:: WHAT TO DO ::
Wherever pictures occur in the entries below, leave them out and retype the rest exactly.
"""
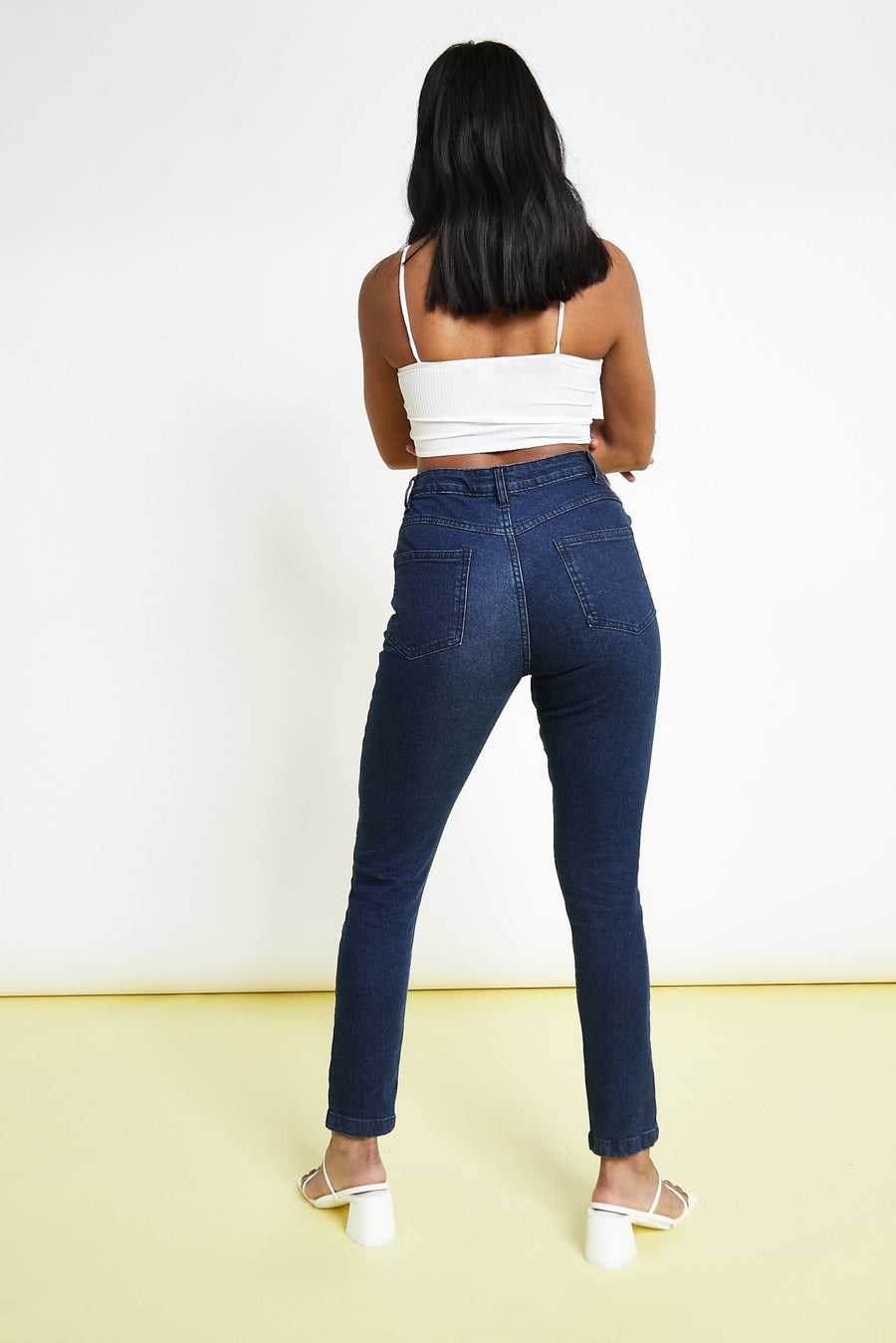 Babine High Rise Stretch Denim Skinny Jeans - Dark Blue - JMOJO - Women's Skinny Jeans
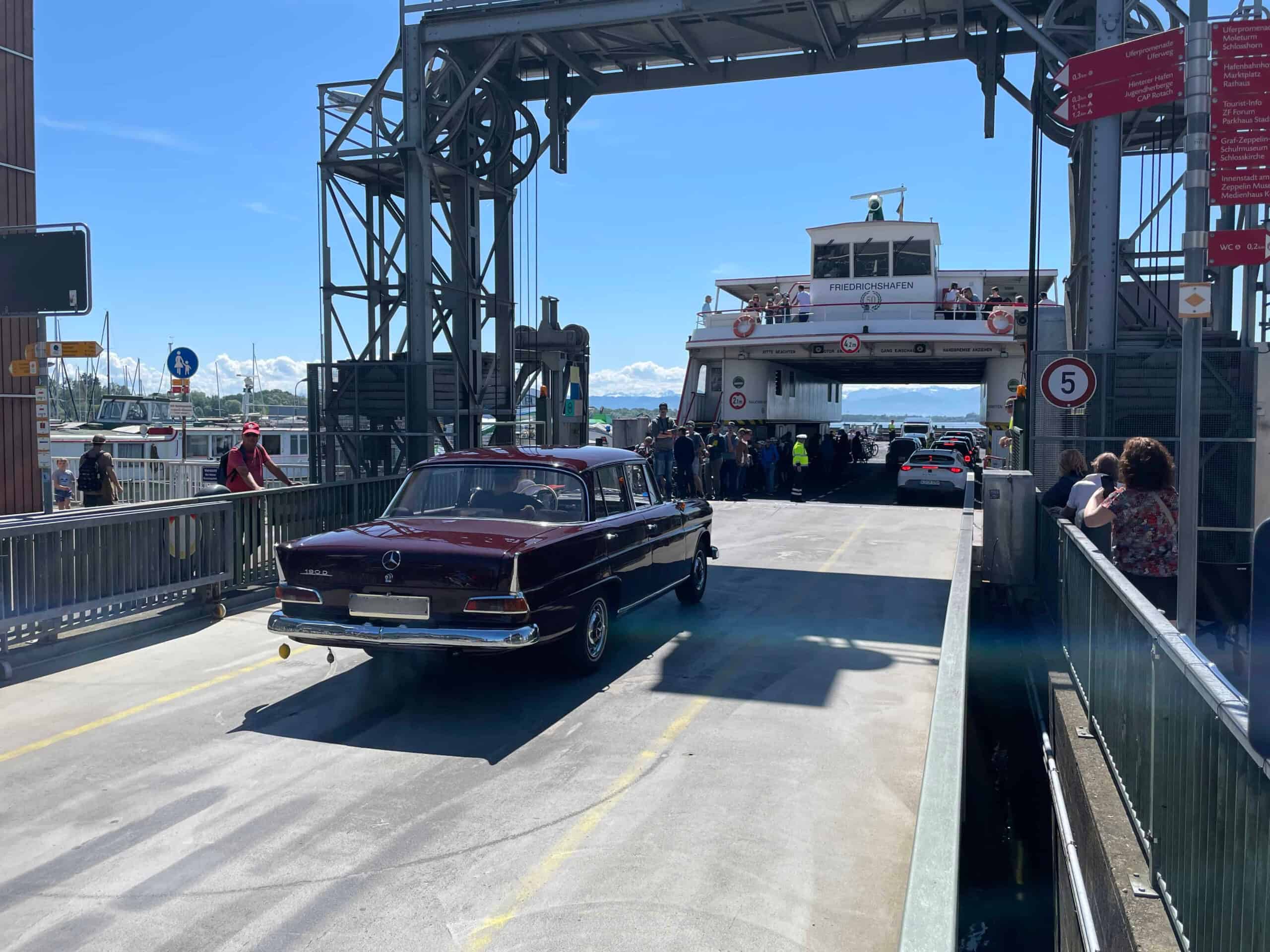 classic car boarding ferry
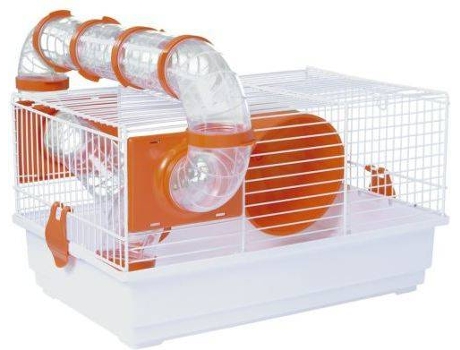 Jaula para Hamsters VOLTREGA 915 (Blanco y Naranja - 50,5x47x28 cm - Plástico y Metal)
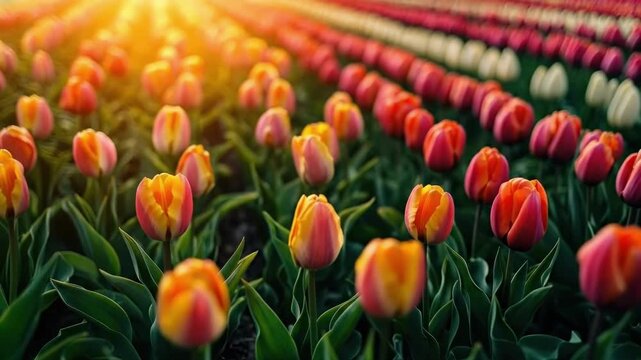 Vibrant tulip field at sunrise with colorful rows of blooming flowers. International Women's Day, March 8th, IWD. Mother's Day, Mothering Sunday, Dia de la Madre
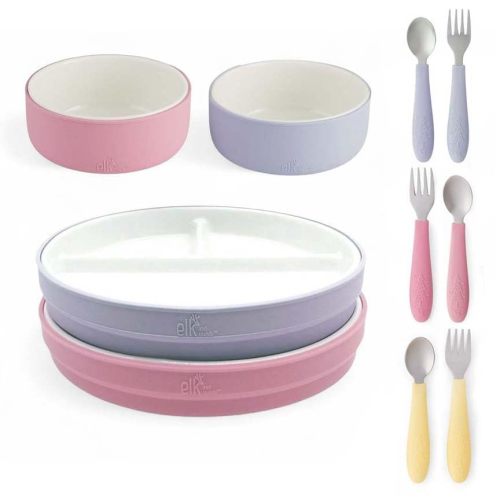 Elk and Friends Kids Porcelain Mealtime Bundle | 10 Pcs Dinnerware Set | Plates Bowls & Toddler Utensils | Microwave & Dishwasher Safe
"""
:: TASK OUTPUT ::
 Babine High Rise Stretch Denim Skinny Jeans - Dark Blue - JMOJO - Women's Skinny Jeans
 classic car boarding ferry
 Jaula para Hamsters VOLTREGA 915 (Blanco y Naranja - 50,5x47x28 cm - Plástico y Metal)
 Vibrant tulip field at sunrise with colorful rows of blooming flowers. International Women's Day, March 8th, IWD. Mother's Day, Mothering Sunday, Dia de la Madre
 Elk and Friends Kids Porcelain Mealtime Bundle | 10 Pcs Dinnerware Set | Plates Bowls & Toddler Utensils | Microwave & Dishwasher Safe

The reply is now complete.